Like this, but in fabric ballet shoes, and with less flexibility. And with hairier legs and more dried skin. And the fastest growing toenails in the world. |
I can't dance on a full stomach, but I really can't dance on an empty stomach and this Thursday I had eaten wasabi peas* and giant chocolate buttons for breakfast (not together) and wasabi peas and giant chocolate buttons for lunch (not together). Which is not really enough. I had about an hour before the class started so grabbed a bowl of soup from the cafe (such good food, such good soup, such good service. I love the cube!) which was perfect, but after an hour of sweating and I wanted more food when I got home.
My wife was cooking some garlicky fried courgettes to go with some left over risotto and offered me half of them. With the addition of a couple of things form the fridge this became a beautiful bowl of food:
Courgette and Chickpea and Coconut Milk:
serves 2
Stuff from my fridge makes a lovely meal. |
- 1 courgette
- 0.5 can chickpeas
- a few tablespoons Soy Yoghurt
- some garlic puree
- some lemon juice
- some chili sauce
- some soy sauce
- some creamed coconut, grated off the block
- 1 spring onion
Method:
- Fry the courgettes until coloured, about five minutes.
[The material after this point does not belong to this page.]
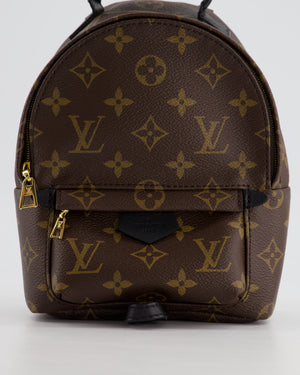 Louis Vuitton Brown Mini Palm Springs Backpack with Gold Hardware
Add the chickpeas, some yoghurt, some garlic puree, some lemon juice, some chili sauce, some soy sauce (10 seconds each, 1 minute total) a about two tablespoons of grated creamed coconut, just grate it straight off the block (remove the plastic first!) (2 minutes, including the time taken to find a grater).
cooking instructions 1: Shove it all in a pan |
cooking instructions 2: Stir |
You can do a similar thing with a handful of fresh herbs, stirring coriander in to curry or stew with make it more than it was before, or parsley into warning winter foods. Fresh lemon juice does the same, or finely sliced celery leaf would work too. The key is to add a new flavour right at the end, and it brings everything together.
Time taken to make this meal: 10 minutes, start to finish. BOOM.
*Wasabi peas seem to the the quintessential middle class snack to me. “What's that your eating? Peanuts?” “Oh no darhling, wasabi peas!” But I do love the spicy little things. And who am I to deny my middle class heritage? True story: I overheard a conversation where someone said “It's to'ally legit, it's no back 'a lorry” and thought they were saying “It's totally legit, it's no baccalaureate”. They were talking second hand phones, I heard a discussion on educational systems. I couldn't be more middle class if I tried.